Two Marlborough pig hunters have had animal cruelty charges for causing “unnecessary pain or distress” dropped by a reluctant judge. What they did wasn’t technically illegal at the time, so there wasn’t much of a choice.
A Facebook video from 2014, which brought the charges against Tyson Wairau Robson Thwaites and Fletcher Paul Johnson, surfaced in August 2014 and showed three dogs biting the pig on its face and body before it was killed several minutes later.
Had this happened a year later after changes to animal cruelty laws in May 2015, the men would’ve been found guilty.
“We’re looking at what we can do about it,” said SPCA chief executive Andrea Midgen.

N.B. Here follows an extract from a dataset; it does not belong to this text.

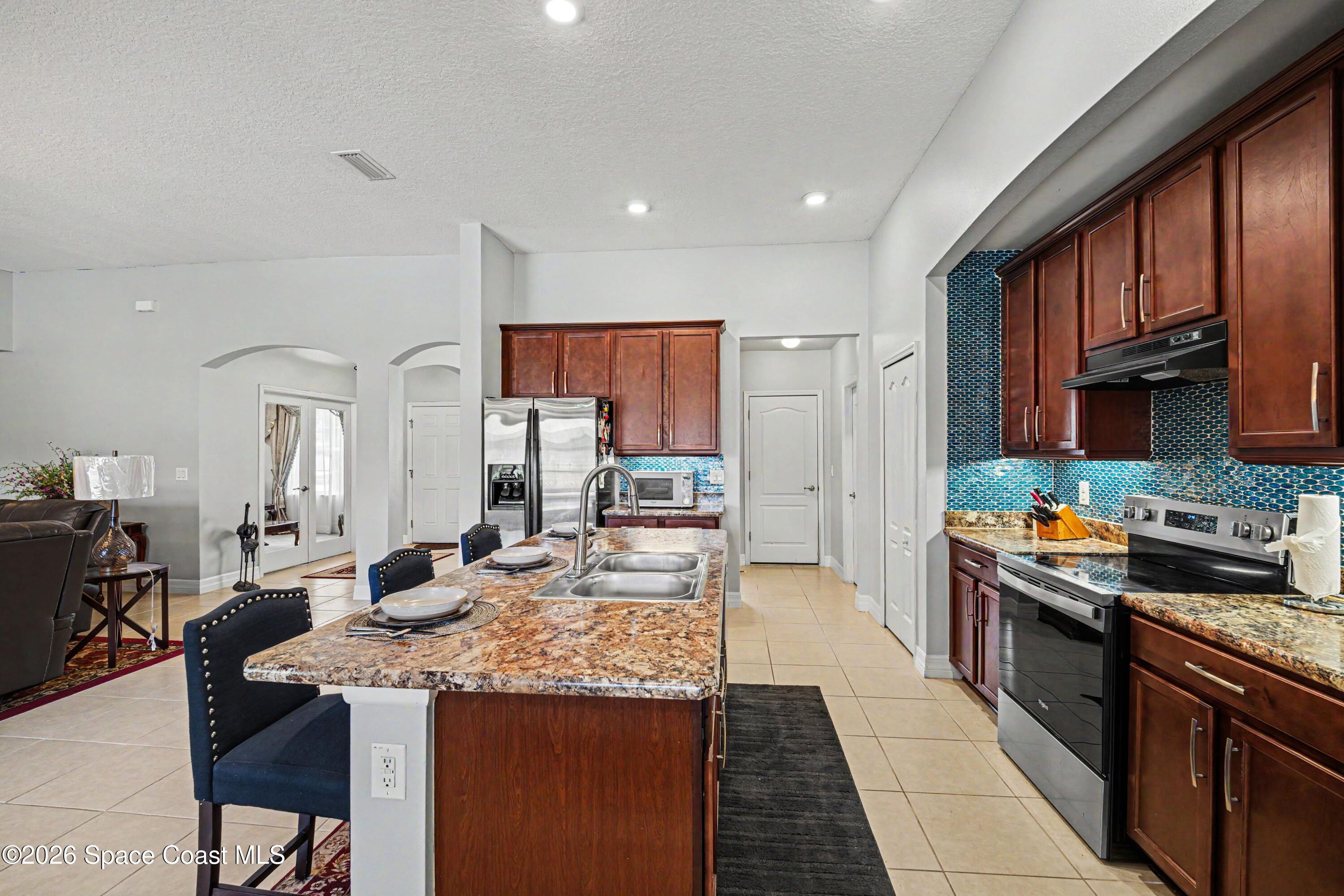 1025 Morgan Circle Northeast Palm Bay, FL 32905 - Photo 14 of 43 012_file_7214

Thwaites, 23, and Johnson, 24, said they were training their dogs to hold pigs when the actual footage was recorded. This involves dogs biting a pig in areas like its ears to keep it from running off while hunters catch up.
“If hunters wish to train their dogs on live pigs they will have to do so with great care so as not to commit a criminal offence,” said Judge Morris.

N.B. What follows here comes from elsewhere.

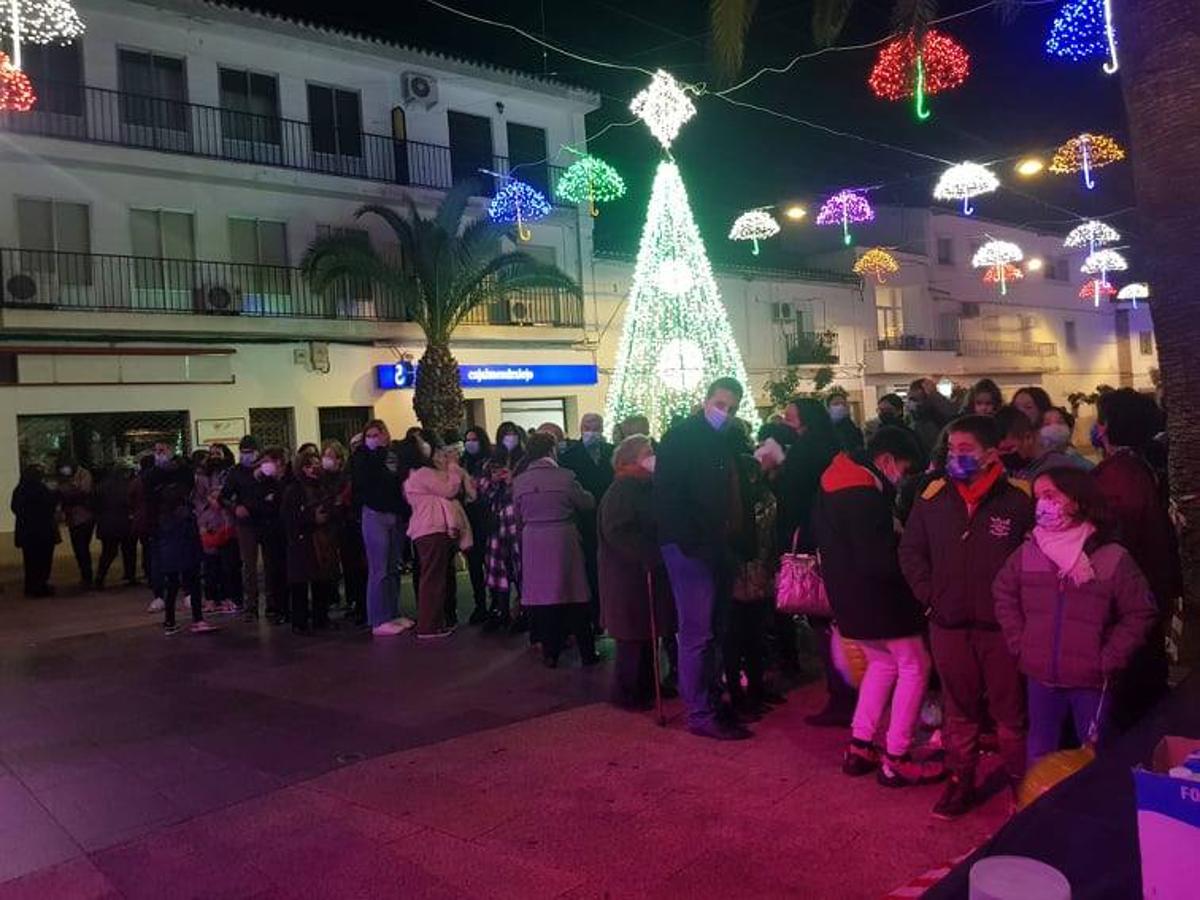 Colas esperando el chocolate con churros.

“Mr Thwaites and Mr Johnson can no longer, in my view, train dogs in this fashion because they are at grave risk of a judge finding that the pig suffered unreasonable pain and distress.”
Training in this manner may not be ideal, because hunting is about getting the kill but doing it in a respectful manner. On the other hand, dogs can lend a big hand in catching an animal.
At the end of the day, pig hunters do this to feed their families. That may not be true for every single one of them, but plenty of them do. If you’re going to use dogs, you’ll obviously have to train them at some point.
The length at which you let the dogs hold the pig is up to each individual, but there’s a line when it’s gone on too long and the animal needs to be put down. Whether that hold lasts for 2 seconds or 2 minutes, someone will always have something to say. The easiest way to avoid any issues is pretty simple, though. Don’t record it and put it on the internet.